Does your organization provide a work environment that is truly equitable? Having a diverse employee population doesn’t mean that the culture is inclusive or equitable. Inclusion is a step closer to equity than diversity, but true equity really goes beyond even inclusiveness. This is an important reason why so many organizations are changing their focus from diversity and inclusion (D&I) to diversity, equity, and inclusion (DEI).
Are you and your team ready to become stronger allies?
The Importance of Equity
Diversity, equity, and inclusion are all critical focus areas for small businesses and startups looking to succeed and thrive in the modern business environment. Understanding the importance of equity for a business starts with recognizing that equality and equity aren’t the same. While equality is about treating everyone the same, equity is more about realizing that because people aren't always on equal footing to start with, equal treatment can, in fact, perpetuate inequality. The words equality and equity may sound similar at first glance, but in reality they are not at all the same.
In a work environment where some members of the population — often, but not always, underrepresented minorities — are disadvantaged in any way, there is a lack of equity, even when there is equal treatment.
When some members of an organization’s workforce face barriers to their success and others do not, then equal treatment does not lead to true equity. How could it? The proverbial playing field is not level.
How can this be? It’s because those who don’t face barriers have a head start on those who do. In a situation where one person is already ahead of another, they’ll still be ahead of the other person by the same amount when both are treated the same. That’s not to say that the person who is behind can’t make up the difference. People often do, even though the odds may not be in their favor. However, equity is all about making sure that the deck isn’t stacked to start with. For fair treatment to be equitable treatment, the first step is to make adjustments so that everyone has the same opportunity to succeed. That is very different from treating everyone the same.
The Roots of Inequity
The disadvantages or barriers to equity that some employees face can be associated with conditions within the work environment or external factors. Any conditions that, in essence, stack the deck against people with certain characteristics or of certain backgrounds, lead to inequity. Circumstances that lead to certain segments of the population lacking access to opportunities that are readily available to others can create inequity. As a result, employers committed to DEI should really consider equity from both an internal and an external perspective.
Internal - Are there sources of internal inequity within our organization that need to be addressed? What are they, and how can we change things?
External - What can our organization do to help level the playing field for team members who may be impacted by external (societal) inequity?
Internal inequity (and a lack of inclusion) can be associated with practices that exclude some segments of the population. Examples include holding company events at times that people who have families can’t participate in, such as after-hours team meetings, or at locations where people of certain races, ethnicities or gender identities aren’t truly welcome (even if they may be tolerated), such as private clubs.
Those who can’t or are uncomfortable participating in such events are often viewed as being “poor team players” and end up being overlooked for promotional or development opportunities.
Companies can address such things by ensuring that business-related activities that have any potential of impacting people’s career trajectory are held at times and locations that are accessible and welcoming to all.
External inequity (factors outside of the work environment) can create barriers to professional success for underrepresented groups, even in organizations that emphasize diversity and inclusion. Companies that want to embrace equity should examine their business practices to get a sense of which ones promote equality and to identify (and change) any that might actually have the opposite effect.

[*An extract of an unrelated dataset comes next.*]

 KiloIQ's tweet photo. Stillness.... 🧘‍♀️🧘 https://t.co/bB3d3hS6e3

Does the company tend to actively seek to recruit candidates primarily from certain schools? What is the impact on equality? People who weren’t in a situation to attend those particular schools are excluded from consideration, regardless of qualifications.
Companies can reduce the impact of external inequity on the workplace in many ways, such as recruiting with diversity in mind, implementing internship programs, adding advancement-focused employee development programs, and updating hiring practices, especially related to background screening.

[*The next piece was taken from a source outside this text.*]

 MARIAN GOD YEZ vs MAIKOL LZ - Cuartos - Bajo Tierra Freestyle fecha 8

Bringing Equity to Your Organization
Are you ready to commit to going beyond focusing just on D & I to embracing DEI? This is an important step for small business and startups, as well as other organizations.
Start by updating your D & I policy to clearly emphasize DEI and make sure your organization's business practices and culture truly provide equitable treatment for all.

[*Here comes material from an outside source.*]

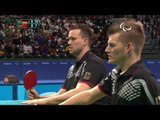 Table Tennis | Germany vs China | Men's Team Finals and Gold Match 3 | Rio 2016 Paralympic Games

Take a closer look at the diversity of your supply chains and the vendors you work with and consider working with more minority and womxn-owned businesses.
Embrace allyship within your workplace. Start by proactively taking steps to cultivate a safe, supportive work environment for everyone.
The commitment to DEI is ongoing, and organizations can always take it one step further. For example, Justworks compensates ERG leads to ensure their efforts in this capacity are rewarded and recognized. This is just one of the ways Justworks is invested in DEI matters inside of the organization (as well as out).
Be The Change
These are just a few of the many ways a company can cultivate a more equitable workplace. Committing to DEI — and acting on that commitment in meaningful ways — is the key for small businesses and startups to demonstrate allyship and bring about positive workplace change.
This material has been prepared for informational purposes only, and is not intended to provide, and should not be relied on for, legal or tax advice. If you have any legal or tax questions regarding this content or related issues, then you should consult with your professional legal or tax advisor.